(PROBLEM TO WORK ON):
Directions for the data below: repeat exactly the lines from the one with "a bedroom with" through the one with "Fleet of orange-wrapped", both included, and omit all pictures.

(Short text fragments from websites)
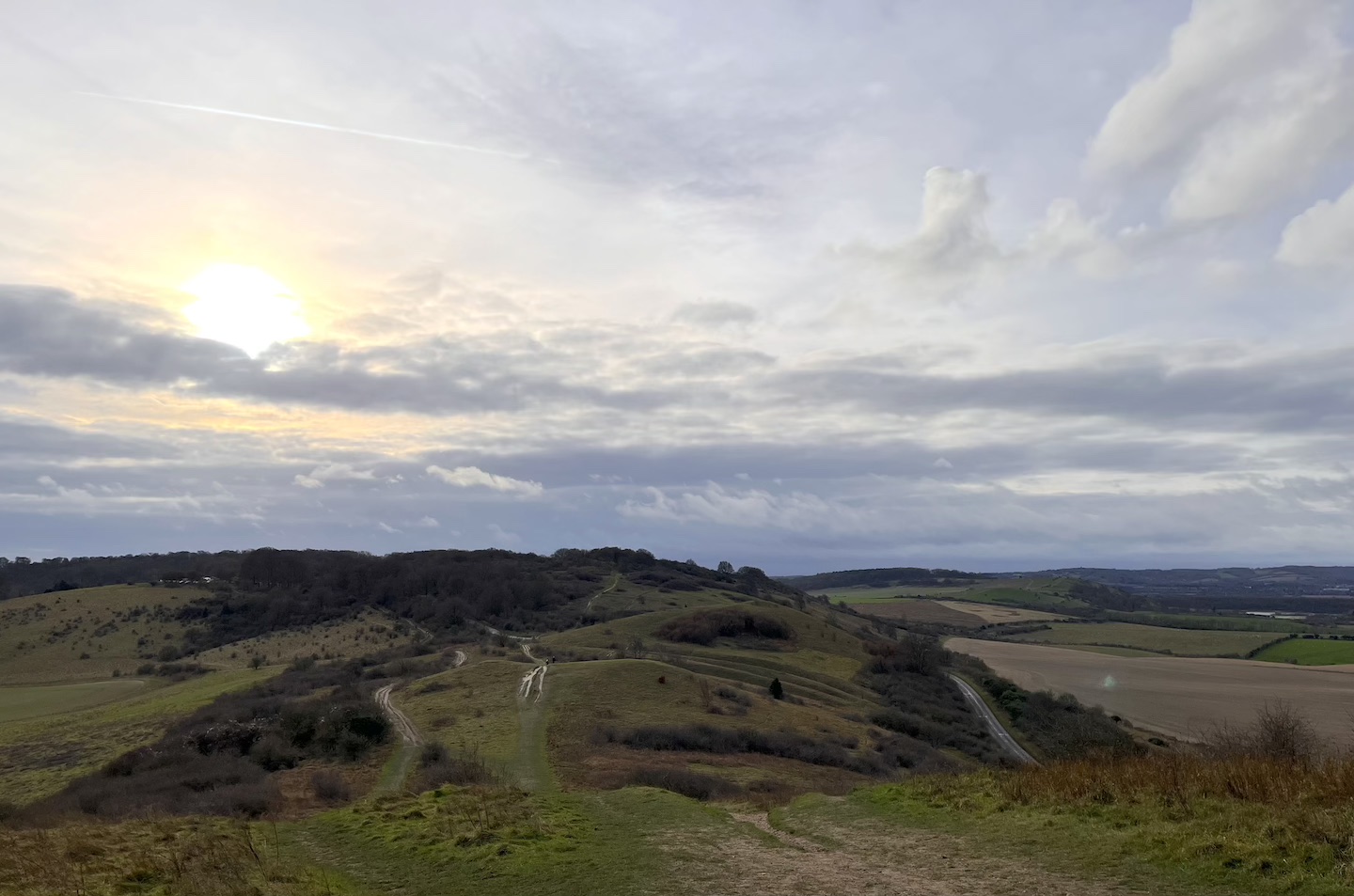 Looking south from Ivinghoe Beacon on New Year's Eve 2024, chalk path over a ridge to trees on the horizon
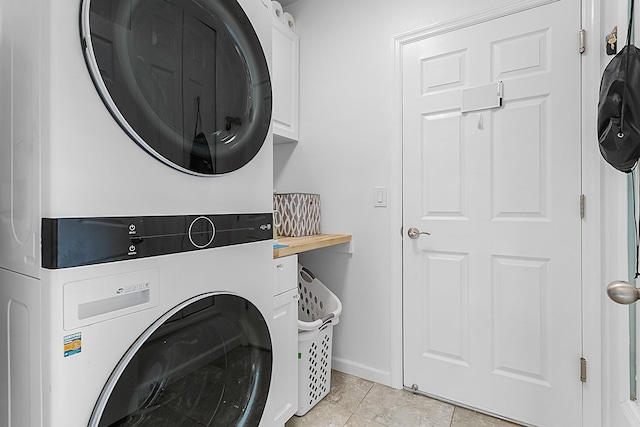 laundry area with light tile floors, cabinets, and stacked washer / drying machine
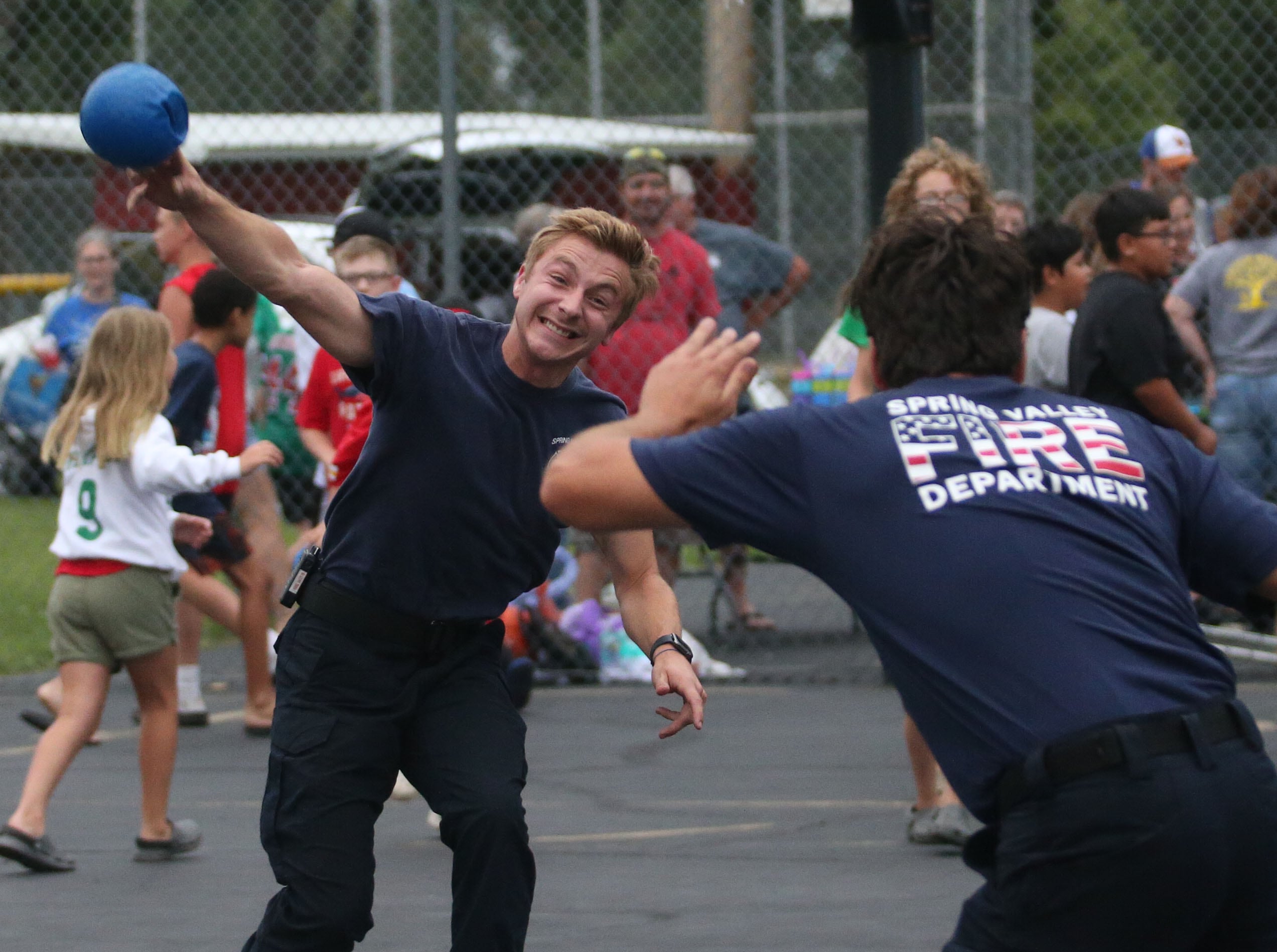 Josh Switek whips a dodgeball at other Spring Valley firefighters during a game of kids versus Spring Valley firefighters during  the National Night Out event on Tuesday, Aug. 6, 2024 at Kirby Park in Spring Valley.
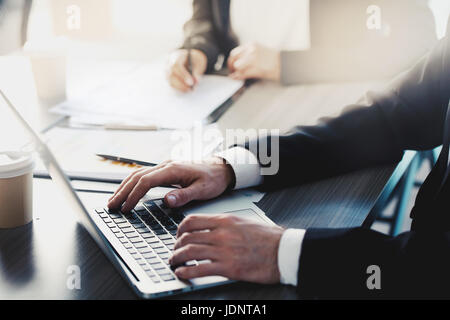 Businessman works with a laptop in office Stock Photo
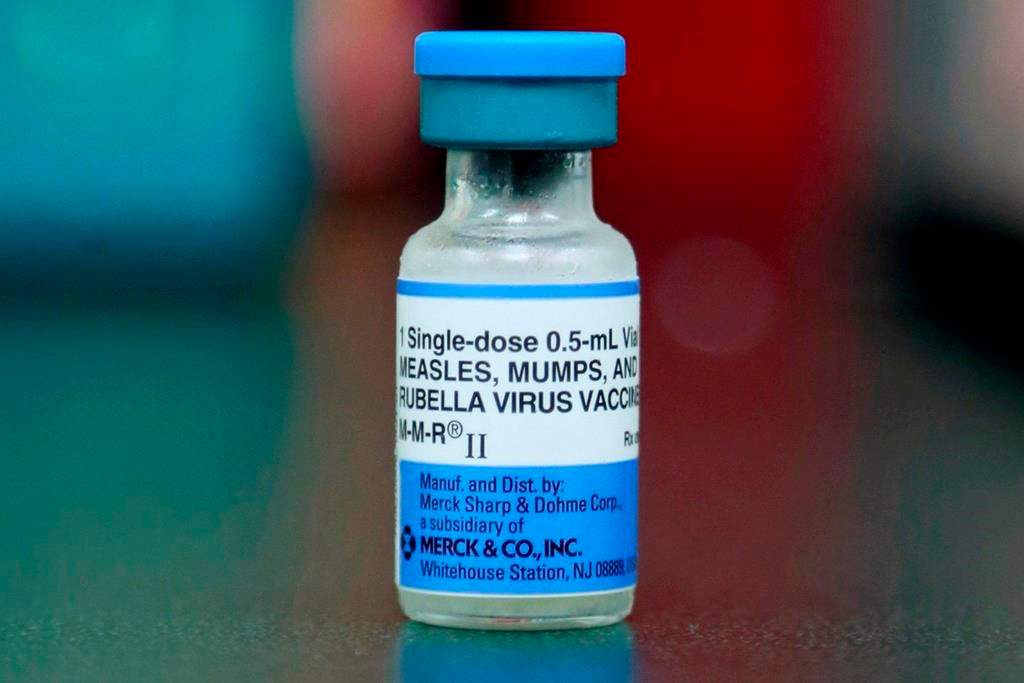 A vial of a measles, mumps and rubella vaccine.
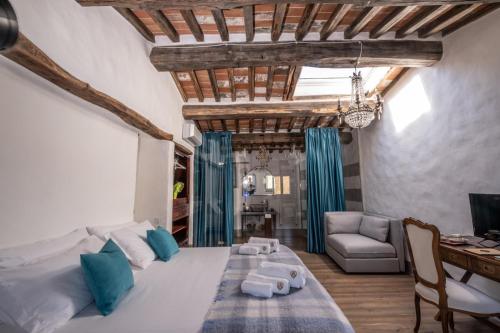 a bedroom with a large bed and a living room at Podere Fontanino in Arezzo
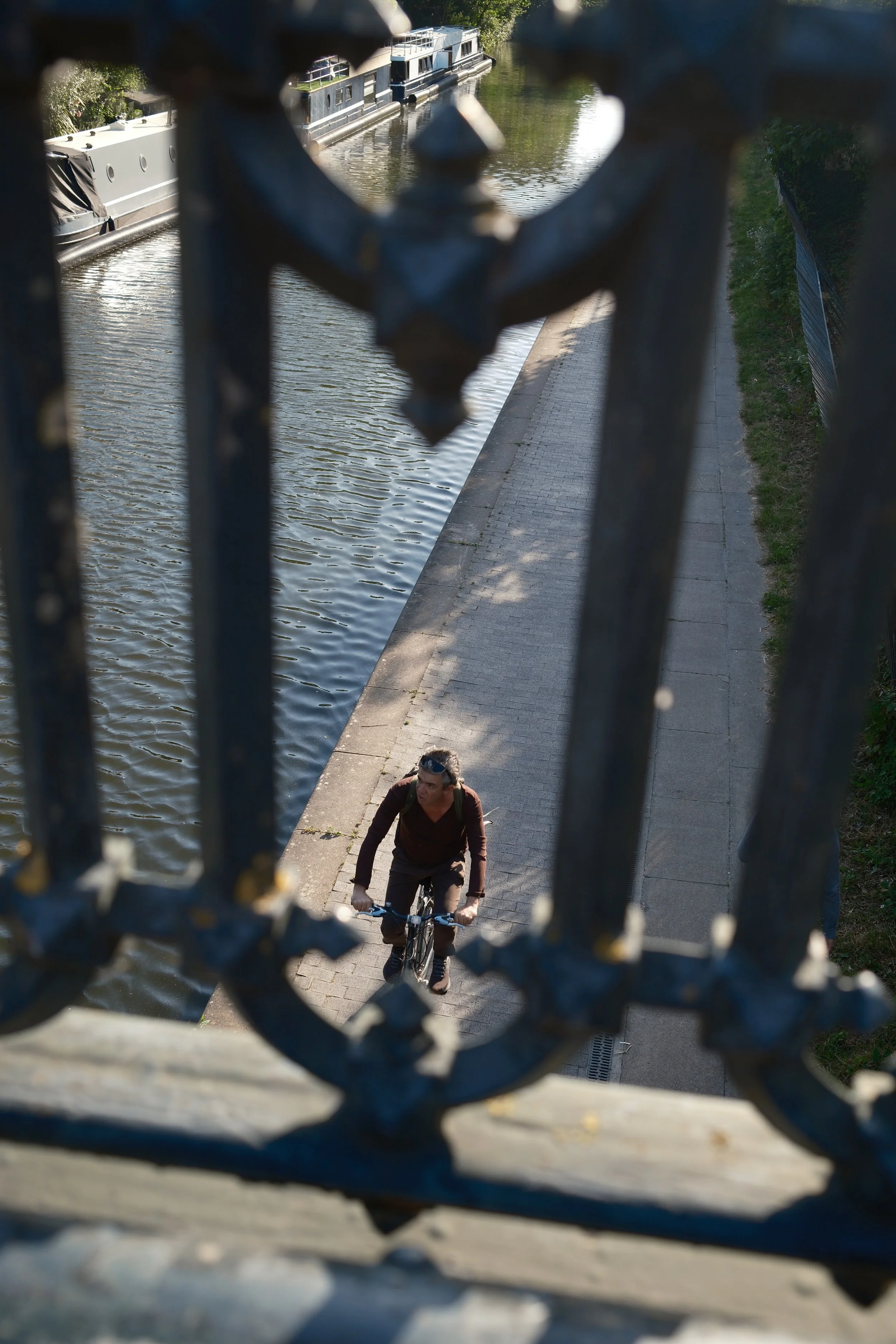 A person riding a bicycle on a sidewalk next to a canal, seen through a decorative iron fence.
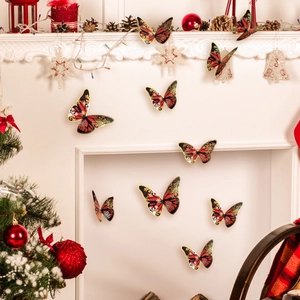 Detail of red and gold 3D butterfly wall stickers on fireplace with Christmas decor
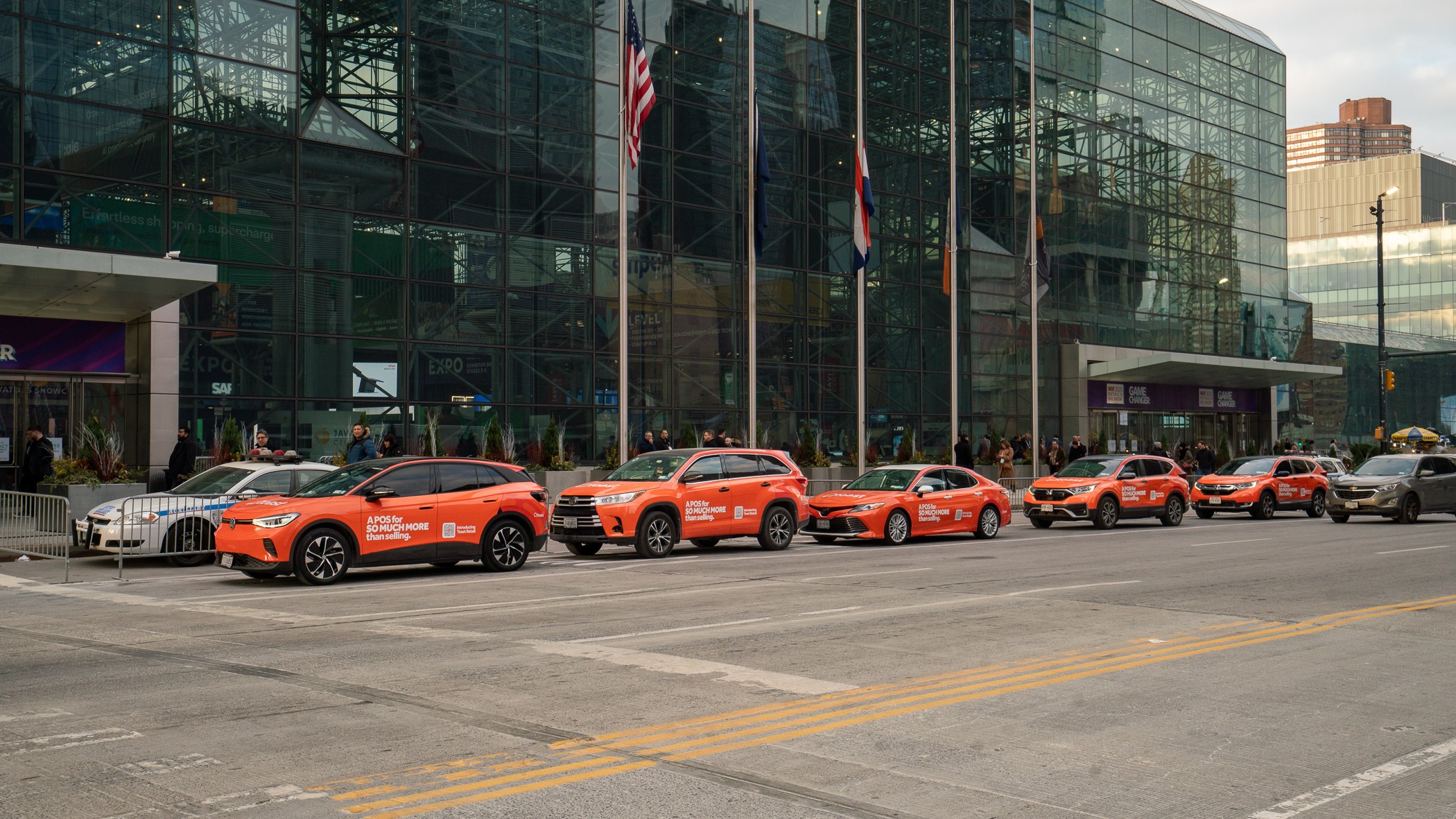 Fleet of orange-wrapped branded vehicles lined up outside the Jacob Javits Convention Center in New York City during NRF retail conference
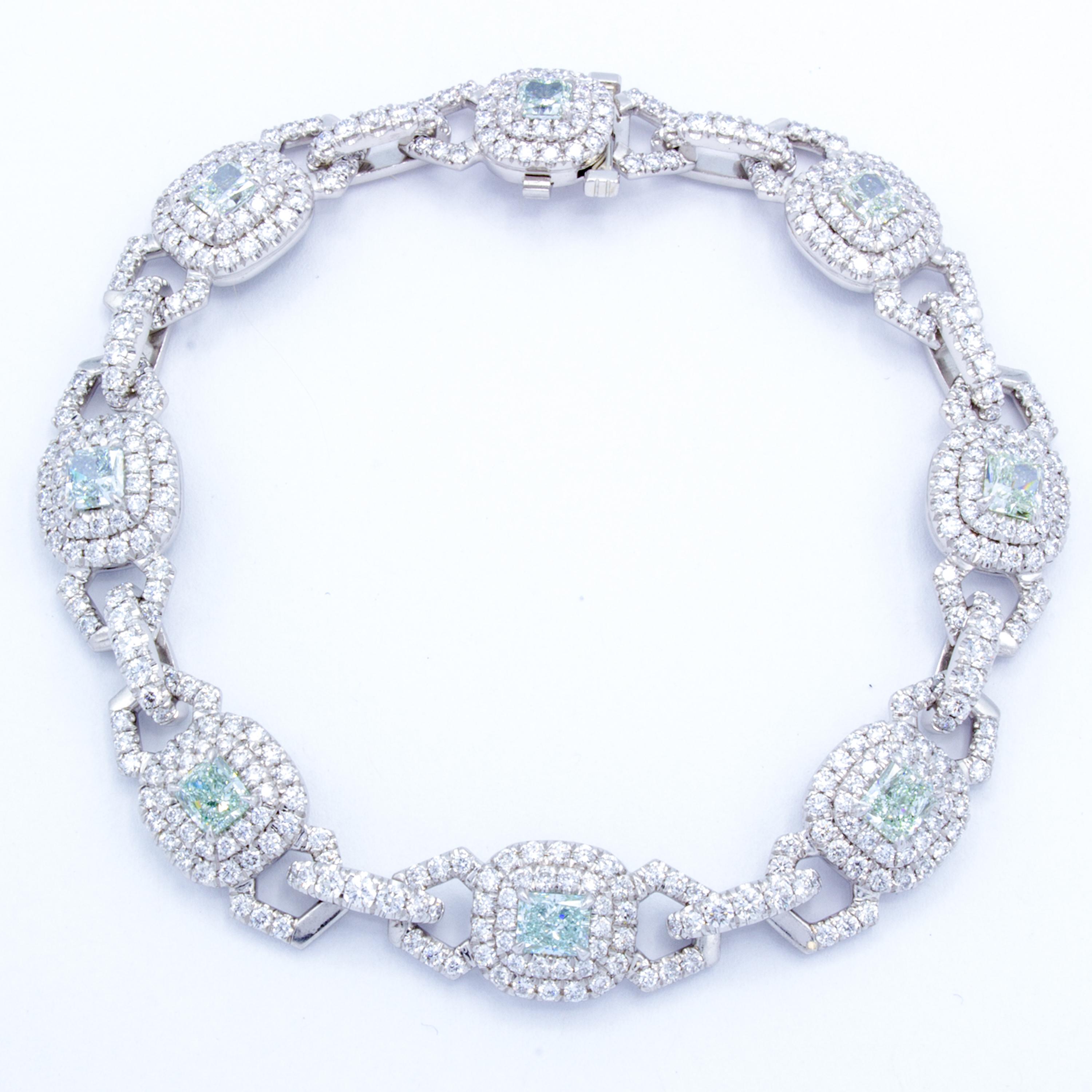 An elegant strand of glittering round brilliant pave set diamonds over a bracelet of pure platinum. A special collection of rare GIA certified radiant cut fancy light green diamonds rest connected by the double halo and linked design of yet another
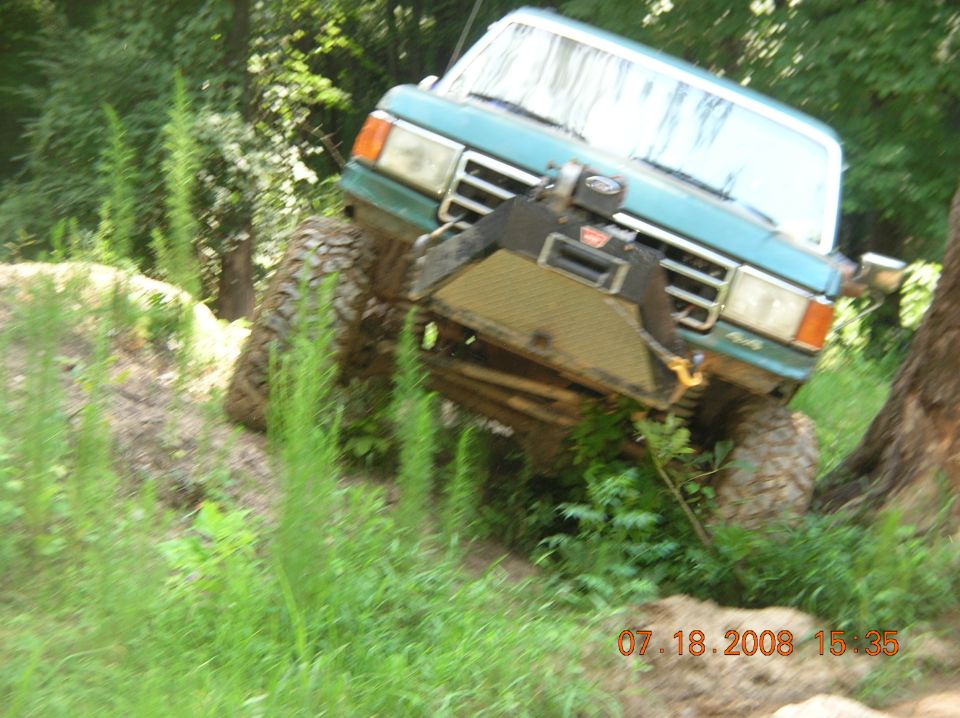 Teal Ford F-Series truck with large tires and winch on uneven terrain
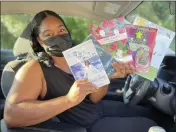  ?? LUIS ANDRES HENAO — THE ASSOCIATED PRESS ?? In this Aug. 10 photo in Princeton, N.J., Tomika Reid holds books that she’s authored. Reid, a single mother and children’s book author in the Princeton area, works as a ride-hailing service driver and tries to inspire passengers through spiritual guidance on the road as part of what she sees as a ride-hailing ministry.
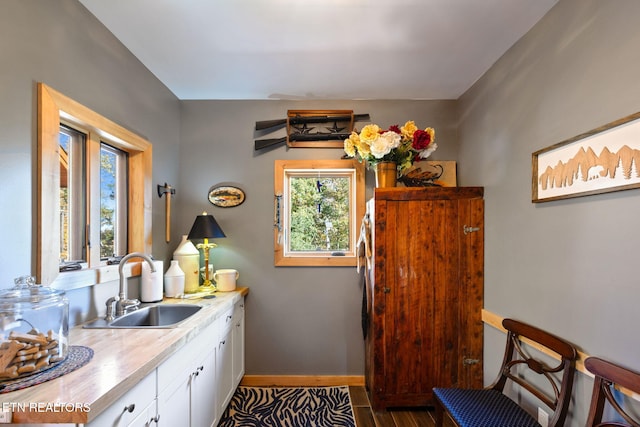 kitchen featuring sink and white cabinets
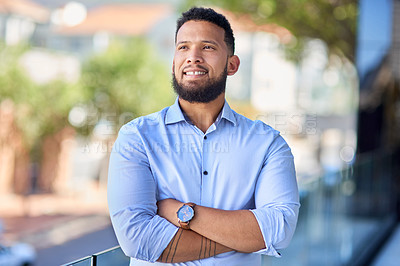 Buy stock photo Cropped shot of a handsome young businessman standing outside and looking contemplative with his arms crossed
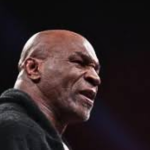 Mike Tyson is preparing for a fight, showcasing his intense focus and determination ahead of his upcoming match against Jake Paul.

(RESPONSE AREA):
 a bedroom with a large bed and a living room at Podere Fontanino in Arezzo
 A person riding a bicycle on a sidewalk next to a canal, seen through a decorative iron fence.
 Detail of red and gold 3D butterfly wall stickers on fireplace with Christmas decor
 Fleet of orange-wrapped branded vehicles lined up outside the Jacob Javits Convention Center in New York City during NRF retail conference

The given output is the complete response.